Le débat sur l’état des routes à Kinshasa a pris un tournant plus précis, mercredi 8 avril, à l’Assemblée nationale. Devant les députés, le ministre des Finances, Doudou Fwamba, a apporté une clarification nette : « aucun kilomètre de route à Kinshasa n’a été financé par le gouvernement provincial ».
Selon le ministre, l’ensemble des projets routiers réalisés dans la capitale congolaise relève exclusivement du gouvernement central. Une déclaration qui intervient dans un contexte de critiques persistantes sur la dégradation de la voirie urbaine et les lenteurs observées dans la réhabilitation de plusieurs axes stratégiques.
Par cette mise au point, l’exécutif central entend préciser les responsabilités dans la conduite des projets d’infrastructures, alors que l’opinion publique tend souvent à attribuer indistinctement les défaillances aux différentes strates de gouvernance.
Mais cette clarification ouvre, en creux, une autre interrogation majeure : quel est, dès lors, le rôle du gouvernement provincial ? Si le financement est assuré par le pouvoir central, la gestion quotidienne des infrastructures, l’entretien des routes existantes ainsi que le suivi de l’exécution des travaux relèvent, en principe, des compétences locales.
Tolérance zéro contre la mauvaise gestion des projets publics
Au-delà de la question des routes, Doudou Fwamba a également présenté une réforme structurelle visant à améliorer la gestion des projets publics, en particulier ceux financés par des partenaires internationaux. L’objectif affiché est de renforcer la transparence, de rationaliser les mécanismes de suivi et de restaurer la crédibilité de l’État auprès des bailleurs.
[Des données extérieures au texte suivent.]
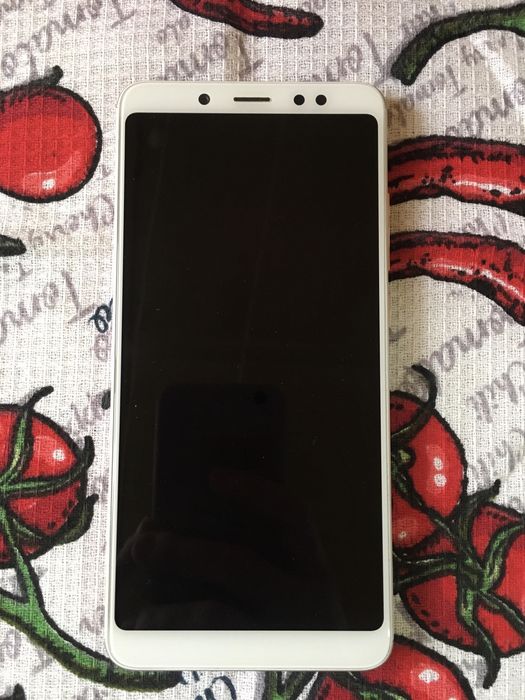 Смартфон Redme 5 plus Gold , 3/32GB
Le ministre a annoncé la mise en place imminente d’un cadre plus strict pour encadrer les unités de coordination des projets. « Un nouveau dispositif sera instauré pour garantir une gestion rigoureuse et conforme aux exigences de bonne gouvernance », a-t-il indiqué.
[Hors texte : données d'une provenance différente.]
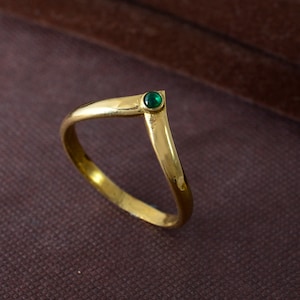 Anillo de esmeralda con chevrón, anillo de latón con chevrón, anillo bohemio, anillo midi, anillo en V, anillo minimalista, anillo para el pulgar, regalos personalizados, anillo para mujer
La mesure la plus marquante concerne les sanctions prévues en cas de mauvaise gestion. « Toute personne reconnue coupable de détournement ou de mauvaise gestion des fonds publics sera définitivement exclue du secteur public », a prévenu Doudou Fwamba. Une disposition qui vise clairement à instaurer un principe de tolérance zéro face aux dérives souvent dénoncées dans l’exécution des projets.
Cette réforme s’inscrit dans une dynamique plus large de lutte contre la corruption et de sécurisation des financements extérieurs, dans un contexte où la RDC cherche à mobiliser davantage de ressources pour soutenir ses ambitions en matière d’infrastructures.
Reste que, sur le terrain, les attentes des habitants de Kinshasa demeurent fortes. Entre routes dégradées, embouteillages chroniques et difficultés de mobilité, la question de l’efficacité de l’action publique reste posée avec acuité.